When the cover-up at Tri-State made national news in 2002, Hendricks and his wife, Kate Bernheimer, were living in Portland, Oregon, as “middle-aged hipsters, literary types,” but in 2005, Bernheimer accepted a teaching position in the creative-writing program at the University of Alabama. The couple moved to Tuscaloosa, the location from which Hendricks embarked on his pilgrimage to the Tri-State Crematory. In A Long Day at the End of the World he interweaves details about this trip with the story of Spanish explorer Hernando de Soto, who “trooped through Georgia and Alabama in 1540, searching for gold,” a quest Hendricks compares to his own search for peace. Just as de Soto’s “gaze remained fixed on an absent thing—his dazzling piles of gold,” he writes, “I remained focused on the lost body of my father.”

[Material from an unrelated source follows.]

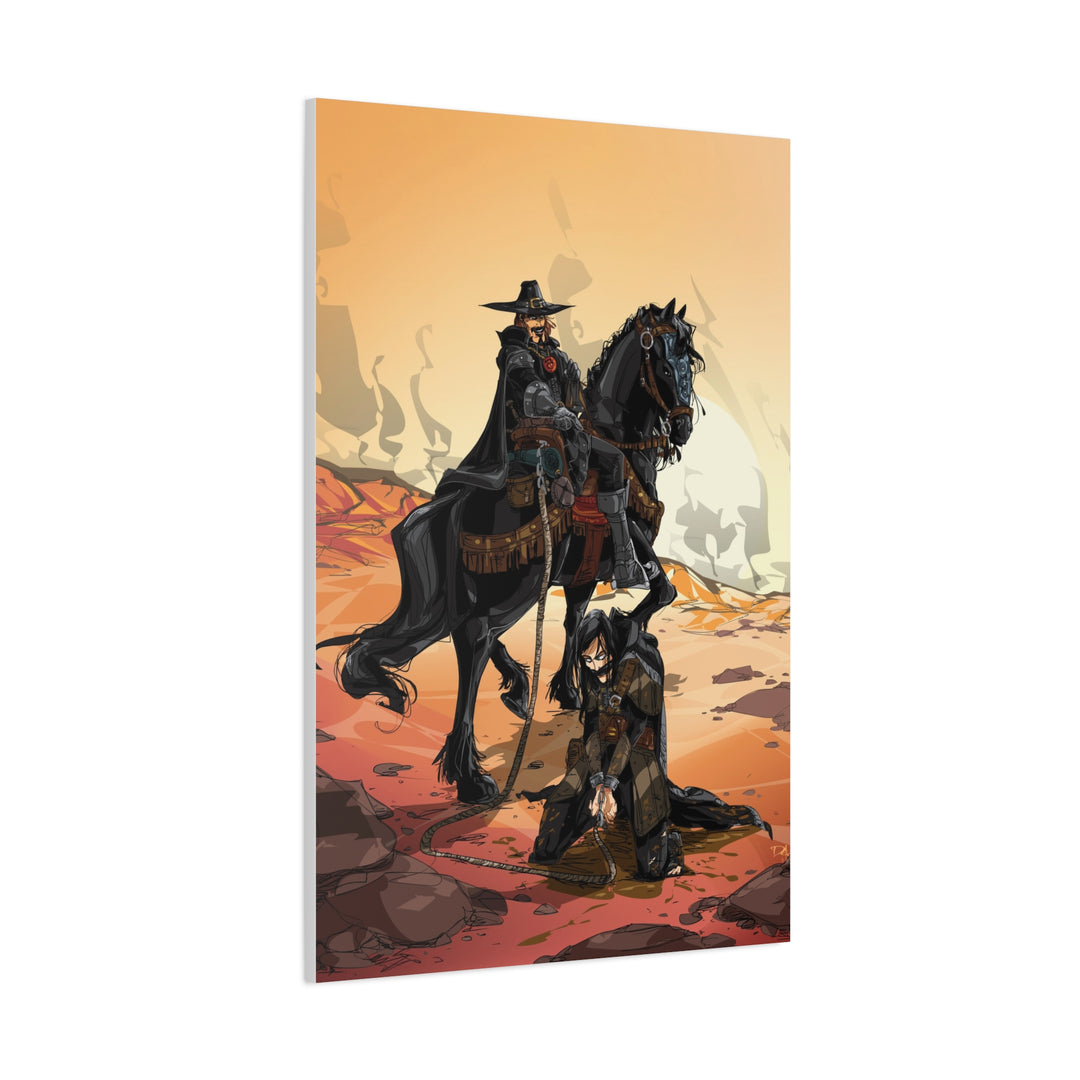 The Prisoner - Matte Canvas Print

The parallels Hendricks draws between his journey and that of de Soto reappear throughout the book; both hinge on ill-fated discoveries and each man’s maniacal drive to arrive at a predetermined ending. While the transitions from Hendricks’s own travels to his ruminations on the varieties of racism, violence, and greed across Southern history are sometimes abrupt, they do resonate with vivid, haunting imagery. Ultimately, the trip to Georgia represents far more than a man’s final farewell to a father whom he remembers with resentment and remorse. This dark, belated endeavor illuminates the struggle to right a wrong that can’t be undone. With no choice, Hendricks walks through this personal apocalypse and comes out on a different side: shaken and alive.